The handover of the large palace complex in the capital also came ahead of the release of Vanuatu’s foreign policy white paper on Wednesday, local time, reaffirming its staunch “non-aligned” status in a region increasingly contested by great powers.
While Vanuatu Prime Minister Charlot Salwai was scheduled to visit China on Saturday, reports of another possible no confidence vote against his government started to circulate on Thursday, potentially casting the trip into doubt.
In a continuation of China’s large infrastructure projects in Vanuatu, the palace joins another major building donated by the Chinese government, the National Convention Centre, which already dominates the city’s skyline.
Officials also handed over newly built government offices opposite the city’s main market this week, expected to house the country’s Ministry of Finance.
China’s embassy said the project had gifted Vanuatu “another landmark building”, while symbolising a new “milestone” in their increasingly warm relationship.
China is “committed to developing friendly cooperation with Pacific island countries”, including Vanuatu, foreign ministry spokeswoman Mao Ning told reporters in Beijing. Vanuatu’s Finance Minister John Salong praised the project, saying it would house public servants currently scattered in spaces across Port Vila, and would allow the government to save huge sums of money which it currently spent on rent.
‘Friends to all’
China has funded a series of high-profile infrastructure projects in recent years as it builds influence in the Pacific — including a new stadium for Solomon Islands ahead of the Pacific Games last year.
Pacific politics expert Tess Newton Cain said Vanuatu’s presidential palace, which is also expected to host government ministries, reflected China’s tendency to fund larger and more visible infrastructure projects.

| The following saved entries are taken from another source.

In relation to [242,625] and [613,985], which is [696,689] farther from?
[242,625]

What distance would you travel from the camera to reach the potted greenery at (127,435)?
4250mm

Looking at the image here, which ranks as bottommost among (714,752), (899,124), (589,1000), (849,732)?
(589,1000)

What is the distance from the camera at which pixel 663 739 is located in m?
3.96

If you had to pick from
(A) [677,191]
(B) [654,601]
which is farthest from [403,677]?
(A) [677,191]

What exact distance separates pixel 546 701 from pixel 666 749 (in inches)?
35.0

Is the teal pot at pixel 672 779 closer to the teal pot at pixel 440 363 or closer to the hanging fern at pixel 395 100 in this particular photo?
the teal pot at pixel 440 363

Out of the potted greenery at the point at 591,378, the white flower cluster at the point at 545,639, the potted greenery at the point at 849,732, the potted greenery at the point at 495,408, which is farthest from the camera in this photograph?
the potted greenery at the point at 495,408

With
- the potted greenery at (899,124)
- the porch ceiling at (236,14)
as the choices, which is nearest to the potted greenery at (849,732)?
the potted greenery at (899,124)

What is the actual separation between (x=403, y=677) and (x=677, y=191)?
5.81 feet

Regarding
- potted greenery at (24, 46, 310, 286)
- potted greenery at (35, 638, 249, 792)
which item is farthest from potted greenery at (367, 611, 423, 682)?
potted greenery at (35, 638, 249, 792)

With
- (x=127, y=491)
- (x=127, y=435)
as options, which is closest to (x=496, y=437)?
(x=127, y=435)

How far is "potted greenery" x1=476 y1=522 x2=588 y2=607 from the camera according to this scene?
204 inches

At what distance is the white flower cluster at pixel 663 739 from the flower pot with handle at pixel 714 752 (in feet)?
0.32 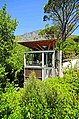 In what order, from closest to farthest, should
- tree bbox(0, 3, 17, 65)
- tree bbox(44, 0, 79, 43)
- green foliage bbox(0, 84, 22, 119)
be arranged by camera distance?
green foliage bbox(0, 84, 22, 119), tree bbox(0, 3, 17, 65), tree bbox(44, 0, 79, 43)

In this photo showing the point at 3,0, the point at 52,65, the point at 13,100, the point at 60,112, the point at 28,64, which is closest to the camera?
the point at 60,112

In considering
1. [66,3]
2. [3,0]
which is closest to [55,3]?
[66,3]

“It also speaks to China’s willingness to support projects that enhance the status or the physical comfort of [leaders] in Pacific Island countries,” she said.
“China’s kind of persona in this development space is to be able to respond very nimbly and promptly to these sorts of requests that if were taken to other agencies … might take longer or require more negotiation or more discussions.
“What China gets out of it is that Vanuatu leaders are prepared to stand there and cut ribbons and say, ‘China is a great friend to our country.'”
However Dr Newton Cain said the Pacific Island nation maintained a non-aligned status, summarised in its foreign policy saying “friends to all, enemies to none” and emphasised in its new foreign policy paper.
“The fact that they say ‘China is a great friend to our country’ does not mean that they suddenly don’t think that Australia is a great friend to their country.”
‘We should be prepared’
The opening of the sprawling presidential palace has also revived concerns that Vanuatu has received more infrastructure its government can’t always afford to maintain. In 2018 China funded a large new campus for Malapoa College, a major school in Port Vila, but later said it was too large for the school’s needs.
The National Convention Centre, which fell into disrepair after it was handed over in 2016, is run by a local Chinese company after the Vanuatu government said it was unable to fund its upkeep.
Australian officials have been monitoring the development of the presidential palace and government office complex closely. One government source told the ABC that Australia remained concerned about the way China has ploughed money into high profile projects without funding upkeep afterwards.
They also suggested the project offered China opportunities for surveillance and intelligence gathering in Vanuatu, although they declined to say whether Australia had hard evidence of that. Researcher Andrew Wilbur Napuat, who studies the benefits of donor funded projects, said the government needs to carefully plan ahead before accepting big donor projects.
“That is something that the Vanuatu government should consider, we must be prepared to maintain any facilities or any project that is given by any aid from any country,” he said.
But Mr Napuat said his research showed Chinese aid projects in Vanuatu benefited its communities, particularly new roads in the archipelago’s outer islands.